* [Instructions for the task]:
Go through the listing below and output exactly the line with "530 Eureka Dr Property Photo 11", the line with "3rd LSB Engineer", and each line between; omit the rest.
+++ Data extract
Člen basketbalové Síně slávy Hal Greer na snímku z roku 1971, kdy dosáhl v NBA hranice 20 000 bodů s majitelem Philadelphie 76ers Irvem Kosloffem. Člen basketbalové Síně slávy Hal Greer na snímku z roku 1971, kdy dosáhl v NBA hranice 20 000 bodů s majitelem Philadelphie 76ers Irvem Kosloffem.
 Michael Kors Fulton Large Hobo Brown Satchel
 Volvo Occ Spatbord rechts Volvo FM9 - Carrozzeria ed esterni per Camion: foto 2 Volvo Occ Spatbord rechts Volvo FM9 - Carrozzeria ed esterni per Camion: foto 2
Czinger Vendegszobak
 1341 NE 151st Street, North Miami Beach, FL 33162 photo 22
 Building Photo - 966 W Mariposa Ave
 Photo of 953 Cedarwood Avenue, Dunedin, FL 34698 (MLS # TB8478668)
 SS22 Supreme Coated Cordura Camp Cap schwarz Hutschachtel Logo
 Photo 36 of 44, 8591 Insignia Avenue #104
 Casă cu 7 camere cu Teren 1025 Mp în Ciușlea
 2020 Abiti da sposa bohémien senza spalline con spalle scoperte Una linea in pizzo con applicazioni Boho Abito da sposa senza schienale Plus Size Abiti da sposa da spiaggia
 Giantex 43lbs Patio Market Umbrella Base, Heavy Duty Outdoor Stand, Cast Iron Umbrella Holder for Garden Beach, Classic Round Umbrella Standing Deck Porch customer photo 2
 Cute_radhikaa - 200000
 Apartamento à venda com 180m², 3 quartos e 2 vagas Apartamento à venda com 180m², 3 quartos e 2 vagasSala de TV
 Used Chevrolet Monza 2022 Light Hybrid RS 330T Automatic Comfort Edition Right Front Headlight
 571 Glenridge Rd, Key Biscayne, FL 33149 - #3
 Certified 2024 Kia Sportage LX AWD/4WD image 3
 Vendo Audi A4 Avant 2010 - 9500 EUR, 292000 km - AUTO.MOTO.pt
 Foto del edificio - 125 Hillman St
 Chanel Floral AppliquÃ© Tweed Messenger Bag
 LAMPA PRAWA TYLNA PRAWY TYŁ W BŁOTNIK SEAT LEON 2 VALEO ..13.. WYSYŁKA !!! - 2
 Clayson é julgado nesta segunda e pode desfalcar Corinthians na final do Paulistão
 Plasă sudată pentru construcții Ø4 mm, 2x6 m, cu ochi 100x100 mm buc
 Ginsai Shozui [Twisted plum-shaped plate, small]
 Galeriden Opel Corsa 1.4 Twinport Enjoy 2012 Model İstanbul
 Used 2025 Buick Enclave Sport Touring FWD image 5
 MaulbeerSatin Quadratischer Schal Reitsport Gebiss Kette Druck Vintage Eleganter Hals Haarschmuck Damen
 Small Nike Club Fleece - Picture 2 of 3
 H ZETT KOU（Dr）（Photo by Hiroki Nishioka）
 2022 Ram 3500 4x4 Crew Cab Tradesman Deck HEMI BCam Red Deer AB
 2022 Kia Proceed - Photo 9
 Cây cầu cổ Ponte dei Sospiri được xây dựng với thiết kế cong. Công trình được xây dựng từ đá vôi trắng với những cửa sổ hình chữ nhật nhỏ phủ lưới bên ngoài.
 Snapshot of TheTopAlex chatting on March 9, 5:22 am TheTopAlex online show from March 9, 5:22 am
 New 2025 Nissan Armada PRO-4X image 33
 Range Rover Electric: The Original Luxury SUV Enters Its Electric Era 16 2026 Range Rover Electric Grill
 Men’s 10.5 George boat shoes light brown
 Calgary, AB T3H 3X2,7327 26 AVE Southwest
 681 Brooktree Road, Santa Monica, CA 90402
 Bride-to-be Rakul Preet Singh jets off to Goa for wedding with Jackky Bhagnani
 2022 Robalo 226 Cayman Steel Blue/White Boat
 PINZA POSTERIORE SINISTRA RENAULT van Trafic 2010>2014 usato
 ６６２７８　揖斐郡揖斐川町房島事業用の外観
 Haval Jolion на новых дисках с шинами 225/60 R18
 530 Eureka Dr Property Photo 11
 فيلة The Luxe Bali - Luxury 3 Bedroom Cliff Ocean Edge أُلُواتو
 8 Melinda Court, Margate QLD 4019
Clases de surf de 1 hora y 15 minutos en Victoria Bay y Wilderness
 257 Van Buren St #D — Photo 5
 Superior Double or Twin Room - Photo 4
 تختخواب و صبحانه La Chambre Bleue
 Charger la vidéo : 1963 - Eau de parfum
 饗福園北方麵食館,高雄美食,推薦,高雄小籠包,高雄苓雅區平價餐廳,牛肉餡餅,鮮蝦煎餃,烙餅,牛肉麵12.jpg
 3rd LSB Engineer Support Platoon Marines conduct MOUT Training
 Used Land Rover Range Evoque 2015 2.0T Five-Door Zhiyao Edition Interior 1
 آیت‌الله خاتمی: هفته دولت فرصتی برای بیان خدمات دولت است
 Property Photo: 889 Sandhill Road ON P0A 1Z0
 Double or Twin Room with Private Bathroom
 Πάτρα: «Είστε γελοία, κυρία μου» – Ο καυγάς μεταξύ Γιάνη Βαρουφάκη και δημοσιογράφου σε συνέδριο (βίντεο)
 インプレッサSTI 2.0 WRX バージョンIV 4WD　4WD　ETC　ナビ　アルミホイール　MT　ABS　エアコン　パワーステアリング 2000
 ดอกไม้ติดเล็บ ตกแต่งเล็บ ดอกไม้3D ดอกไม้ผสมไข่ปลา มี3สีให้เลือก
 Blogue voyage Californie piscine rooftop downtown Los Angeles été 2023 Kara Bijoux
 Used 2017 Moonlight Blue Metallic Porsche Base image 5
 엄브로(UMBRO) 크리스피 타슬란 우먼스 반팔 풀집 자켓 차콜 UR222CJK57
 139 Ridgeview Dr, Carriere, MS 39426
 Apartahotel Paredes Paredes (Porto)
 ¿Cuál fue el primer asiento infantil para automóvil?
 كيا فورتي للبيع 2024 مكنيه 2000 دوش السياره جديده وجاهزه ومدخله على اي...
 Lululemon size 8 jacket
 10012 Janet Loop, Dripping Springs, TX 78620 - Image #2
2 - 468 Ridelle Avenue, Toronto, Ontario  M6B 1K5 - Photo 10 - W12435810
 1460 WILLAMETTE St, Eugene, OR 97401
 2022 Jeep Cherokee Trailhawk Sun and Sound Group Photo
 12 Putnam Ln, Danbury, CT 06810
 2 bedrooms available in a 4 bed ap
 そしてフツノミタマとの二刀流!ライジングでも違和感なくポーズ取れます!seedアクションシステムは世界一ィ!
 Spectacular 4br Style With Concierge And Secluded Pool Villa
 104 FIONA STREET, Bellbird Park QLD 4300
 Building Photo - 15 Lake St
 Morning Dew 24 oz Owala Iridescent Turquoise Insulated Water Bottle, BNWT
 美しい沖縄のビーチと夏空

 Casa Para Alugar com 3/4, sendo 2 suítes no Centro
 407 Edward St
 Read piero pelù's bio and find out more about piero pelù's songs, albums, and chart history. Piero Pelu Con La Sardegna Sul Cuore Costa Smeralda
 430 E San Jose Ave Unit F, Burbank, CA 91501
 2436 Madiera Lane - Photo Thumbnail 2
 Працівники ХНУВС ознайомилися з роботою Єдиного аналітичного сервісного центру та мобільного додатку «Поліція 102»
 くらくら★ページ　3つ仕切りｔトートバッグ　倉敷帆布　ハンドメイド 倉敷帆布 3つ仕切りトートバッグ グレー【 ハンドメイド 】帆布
++++++
* [Finished exercise]:
 530 Eureka Dr Property Photo 11
 فيلة The Luxe Bali - Luxury 3 Bedroom Cliff Ocean Edge أُلُواتو
 8 Melinda Court, Margate QLD 4019
Clases de surf de 1 hora y 15 minutos en Victoria Bay y Wilderness
 257 Van Buren St #D — Photo 5
 Superior Double or Twin Room - Photo 4
 تختخواب و صبحانه La Chambre Bleue
 Charger la vidéo : 1963 - Eau de parfum
 饗福園北方麵食館,高雄美食,推薦,高雄小籠包,高雄苓雅區平價餐廳,牛肉餡餅,鮮蝦煎餃,烙餅,牛肉麵12.jpg
 3rd LSB Engineer Support Platoon Marines conduct MOUT Training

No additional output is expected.